(Records provided)

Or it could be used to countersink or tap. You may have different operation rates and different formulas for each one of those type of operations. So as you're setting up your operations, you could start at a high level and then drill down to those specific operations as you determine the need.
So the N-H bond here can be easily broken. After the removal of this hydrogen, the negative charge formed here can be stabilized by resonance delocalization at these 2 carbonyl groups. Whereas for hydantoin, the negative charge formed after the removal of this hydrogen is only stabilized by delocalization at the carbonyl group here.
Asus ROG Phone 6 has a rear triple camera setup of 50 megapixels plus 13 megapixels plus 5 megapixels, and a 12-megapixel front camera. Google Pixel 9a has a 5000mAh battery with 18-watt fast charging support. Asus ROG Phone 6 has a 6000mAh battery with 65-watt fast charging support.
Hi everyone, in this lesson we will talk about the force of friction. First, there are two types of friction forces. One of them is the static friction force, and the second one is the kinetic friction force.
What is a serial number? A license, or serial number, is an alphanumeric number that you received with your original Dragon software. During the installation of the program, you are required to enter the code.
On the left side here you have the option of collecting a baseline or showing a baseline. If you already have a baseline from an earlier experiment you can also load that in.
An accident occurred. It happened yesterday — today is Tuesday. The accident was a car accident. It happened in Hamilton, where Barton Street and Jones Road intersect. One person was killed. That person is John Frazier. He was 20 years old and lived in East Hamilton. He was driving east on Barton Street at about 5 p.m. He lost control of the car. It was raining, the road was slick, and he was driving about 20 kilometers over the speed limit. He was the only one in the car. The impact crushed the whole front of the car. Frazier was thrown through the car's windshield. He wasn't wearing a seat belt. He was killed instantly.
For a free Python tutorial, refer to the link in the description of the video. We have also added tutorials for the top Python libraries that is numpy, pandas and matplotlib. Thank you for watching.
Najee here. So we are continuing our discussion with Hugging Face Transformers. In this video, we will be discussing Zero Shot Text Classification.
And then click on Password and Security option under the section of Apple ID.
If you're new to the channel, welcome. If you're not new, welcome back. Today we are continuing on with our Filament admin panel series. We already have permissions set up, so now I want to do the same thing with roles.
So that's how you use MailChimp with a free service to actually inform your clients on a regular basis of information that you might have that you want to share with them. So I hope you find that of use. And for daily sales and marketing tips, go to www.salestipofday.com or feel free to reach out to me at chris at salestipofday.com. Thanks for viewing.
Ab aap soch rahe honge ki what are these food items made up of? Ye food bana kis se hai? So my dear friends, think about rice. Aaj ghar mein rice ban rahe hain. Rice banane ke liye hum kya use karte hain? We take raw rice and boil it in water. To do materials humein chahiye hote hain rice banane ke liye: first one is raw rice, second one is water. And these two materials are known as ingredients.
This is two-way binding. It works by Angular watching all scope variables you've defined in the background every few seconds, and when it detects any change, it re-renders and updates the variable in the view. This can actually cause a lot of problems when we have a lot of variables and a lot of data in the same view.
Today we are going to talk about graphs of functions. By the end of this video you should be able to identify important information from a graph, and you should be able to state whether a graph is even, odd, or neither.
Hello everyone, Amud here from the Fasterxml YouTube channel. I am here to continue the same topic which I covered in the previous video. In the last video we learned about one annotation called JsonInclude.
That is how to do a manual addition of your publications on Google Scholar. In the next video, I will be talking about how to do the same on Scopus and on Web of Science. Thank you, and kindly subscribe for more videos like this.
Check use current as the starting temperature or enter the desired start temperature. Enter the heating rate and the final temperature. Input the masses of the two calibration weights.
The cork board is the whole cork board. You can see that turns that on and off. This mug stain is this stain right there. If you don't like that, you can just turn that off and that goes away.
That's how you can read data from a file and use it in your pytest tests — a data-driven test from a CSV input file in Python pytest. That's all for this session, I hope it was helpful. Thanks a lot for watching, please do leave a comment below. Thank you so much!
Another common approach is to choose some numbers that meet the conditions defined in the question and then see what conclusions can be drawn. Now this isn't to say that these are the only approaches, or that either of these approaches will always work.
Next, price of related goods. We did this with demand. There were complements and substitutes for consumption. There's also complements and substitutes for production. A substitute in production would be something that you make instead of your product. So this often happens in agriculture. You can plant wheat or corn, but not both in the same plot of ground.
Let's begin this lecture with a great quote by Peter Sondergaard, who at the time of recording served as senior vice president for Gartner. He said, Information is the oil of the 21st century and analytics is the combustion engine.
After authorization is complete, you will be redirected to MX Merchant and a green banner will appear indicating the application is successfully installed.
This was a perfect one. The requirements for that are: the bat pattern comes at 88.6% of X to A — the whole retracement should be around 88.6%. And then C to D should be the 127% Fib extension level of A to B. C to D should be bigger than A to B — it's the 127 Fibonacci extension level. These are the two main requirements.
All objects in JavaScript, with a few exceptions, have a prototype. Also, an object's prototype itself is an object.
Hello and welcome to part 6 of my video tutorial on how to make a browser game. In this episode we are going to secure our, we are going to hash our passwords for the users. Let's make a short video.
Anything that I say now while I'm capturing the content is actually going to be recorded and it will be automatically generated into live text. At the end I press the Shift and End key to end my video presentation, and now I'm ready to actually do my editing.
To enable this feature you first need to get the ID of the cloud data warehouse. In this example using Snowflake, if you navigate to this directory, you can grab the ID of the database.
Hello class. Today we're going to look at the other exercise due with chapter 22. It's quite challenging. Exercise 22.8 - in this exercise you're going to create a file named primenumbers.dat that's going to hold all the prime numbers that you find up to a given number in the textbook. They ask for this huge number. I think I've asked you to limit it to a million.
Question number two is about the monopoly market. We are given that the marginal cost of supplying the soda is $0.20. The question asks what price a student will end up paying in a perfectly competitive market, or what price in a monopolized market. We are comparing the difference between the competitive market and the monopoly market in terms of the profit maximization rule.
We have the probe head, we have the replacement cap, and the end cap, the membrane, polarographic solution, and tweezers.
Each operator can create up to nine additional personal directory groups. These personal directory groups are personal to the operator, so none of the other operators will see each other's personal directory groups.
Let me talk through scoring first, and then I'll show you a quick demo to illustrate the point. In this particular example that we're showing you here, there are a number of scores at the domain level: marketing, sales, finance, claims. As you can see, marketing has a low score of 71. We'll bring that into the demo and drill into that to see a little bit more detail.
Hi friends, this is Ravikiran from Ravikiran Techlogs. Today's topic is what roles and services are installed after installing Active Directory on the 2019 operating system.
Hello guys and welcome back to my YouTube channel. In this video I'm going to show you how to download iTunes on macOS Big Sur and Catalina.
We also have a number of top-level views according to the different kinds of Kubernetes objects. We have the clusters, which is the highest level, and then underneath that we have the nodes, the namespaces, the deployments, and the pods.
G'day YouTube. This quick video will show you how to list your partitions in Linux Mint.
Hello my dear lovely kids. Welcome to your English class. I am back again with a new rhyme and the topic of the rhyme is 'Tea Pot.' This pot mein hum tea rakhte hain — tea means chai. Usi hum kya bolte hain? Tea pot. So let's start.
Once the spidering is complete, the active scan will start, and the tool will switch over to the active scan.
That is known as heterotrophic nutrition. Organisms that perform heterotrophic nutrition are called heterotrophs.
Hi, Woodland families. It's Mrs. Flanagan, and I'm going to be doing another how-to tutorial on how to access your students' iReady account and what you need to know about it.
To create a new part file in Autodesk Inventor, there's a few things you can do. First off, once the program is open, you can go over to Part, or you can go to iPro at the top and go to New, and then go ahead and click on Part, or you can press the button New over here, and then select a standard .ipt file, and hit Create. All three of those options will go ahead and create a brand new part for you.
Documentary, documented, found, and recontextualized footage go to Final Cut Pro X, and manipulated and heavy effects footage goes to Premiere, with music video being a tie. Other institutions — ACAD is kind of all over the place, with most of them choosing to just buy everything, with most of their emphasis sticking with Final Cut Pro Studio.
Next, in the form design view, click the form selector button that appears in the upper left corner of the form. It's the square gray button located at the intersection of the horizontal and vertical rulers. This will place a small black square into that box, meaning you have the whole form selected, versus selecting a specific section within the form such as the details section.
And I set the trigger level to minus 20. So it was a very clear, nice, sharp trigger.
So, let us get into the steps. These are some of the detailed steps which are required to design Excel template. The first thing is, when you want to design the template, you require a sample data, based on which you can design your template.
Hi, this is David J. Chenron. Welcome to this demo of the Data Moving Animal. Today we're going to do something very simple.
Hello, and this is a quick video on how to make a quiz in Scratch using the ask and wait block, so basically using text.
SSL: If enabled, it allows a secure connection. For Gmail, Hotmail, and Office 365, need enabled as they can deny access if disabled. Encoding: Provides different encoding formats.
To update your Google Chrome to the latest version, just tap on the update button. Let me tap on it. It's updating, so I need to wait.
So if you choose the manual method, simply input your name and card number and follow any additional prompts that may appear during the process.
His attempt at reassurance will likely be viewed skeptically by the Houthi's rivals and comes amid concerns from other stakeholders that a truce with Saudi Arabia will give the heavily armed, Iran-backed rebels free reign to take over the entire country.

(End Records provided)

## [Exercise brief]
Reproduce exactly the entries above, limited to the lines from the one with "After authorization is" through the one with "All objects in", both included.

## [Answer for this exercise]
After authorization is complete, you will be redirected to MX Merchant and a green banner will appear indicating the application is successfully installed.
This was a perfect one. The requirements for that are: the bat pattern comes at 88.6% of X to A — the whole retracement should be around 88.6%. And then C to D should be the 127% Fib extension level of A to B. C to D should be bigger than A to B — it's the 127 Fibonacci extension level. These are the two main requirements.
All objects in JavaScript, with a few exceptions, have a prototype. Also, an object's prototype itself is an object.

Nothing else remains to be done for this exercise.